# Remove favorites?



## janks (Jan 23, 2009)

This has probably been asked before but I have about 50 pages in favorites, and I'm sure I don't even have to stress how troublesome and time consuming it is as i'm sure most of you know by now.

I don't know if this is the right place but i kind of don't care. Is there any way we can have a check/uncheck all like in the new submission pages? Where we can nuke all, check which ones we want removed, etc?

I would really like for this to be an option because i can't just sit through 50 pages clicking remove every two minutes. (I'm also on dial-up so page reloading on the faves page is horrible.)

*pleeeaseplz.*


----------



## Sheol (Jan 23, 2009)

I wouldn't mind having a better delete/remove system. Perhaps something like.. a page showing our favorites? With 100 or so a page, sort of like when we're viewing new submissions? That way we could mass remove favorites (for like, when we're abandoning an account) OR even remove pictures from our galleries faster.


----------



## SKC (Jan 23, 2009)

I wouldn't mind seeing something like that. Along with a good list of other account management features worth begging for.


----------



## Ivorymoth (Jan 23, 2009)

Something like that would be cool.


----------



## Devia_Luna (Jan 23, 2009)

I completely agree with this idea.


----------



## thebeast76 (Jan 23, 2009)

I AGREE WITH THIS STATEMENT


----------



## FoothePanda (Jan 23, 2009)

I agree too.


----------



## Arsenic Cherries (Jan 23, 2009)

Especially in our galleries.... trying to move/remove stuff when you have a lot is a pain. It's really annoying when you have to go through all the pages again just to delete something further in.... EACH. TIME. YOU. DELETE.

DA has this problem too.... 

It gives the impression that "well if it's so hard you won't delete anything"

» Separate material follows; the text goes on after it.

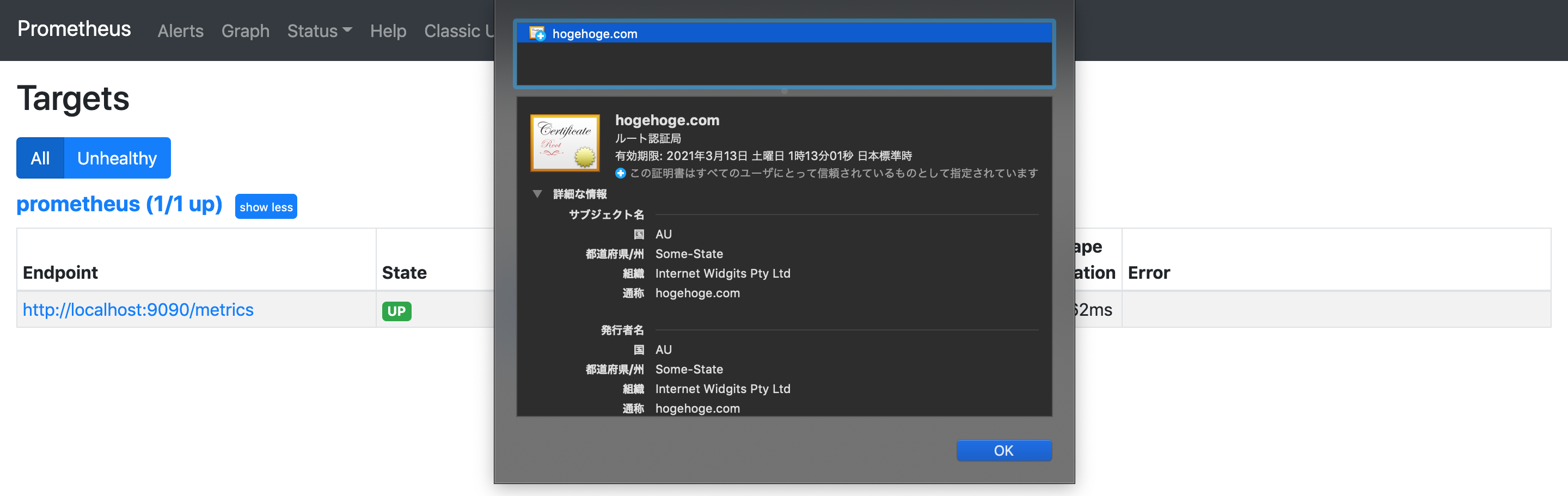 オレオレ証明書が信頼されている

So if nothing else, having that "store" function DA has, where you can hide stuff from the public... that would be really helpful.


----------



## T3HPK (Jan 23, 2009)

Mass deletage option plz. <3


----------



## Zeraph (Jan 23, 2009)

FFFFFF megadeleteplz


----------



## karmapolice (Jan 23, 2009)

Arsenic Cherries said:


> Especially in our galleries.... trying to move/remove stuff when you have a lot is a pain. It's really annoying when you have to go through all the pages again just to delete something further in.... EACH. TIME. YOU. DELETE.
> 
> DA has this problem too....
> 
> ...



Storage function would be great, imho.


----------



## Fiereci (Jan 24, 2009)

seems like many big art sites don't have this option either. it's a shame..


----------



## Devious Bane (Jan 25, 2009)

Mass deletion?




Would be such a time saver.


----------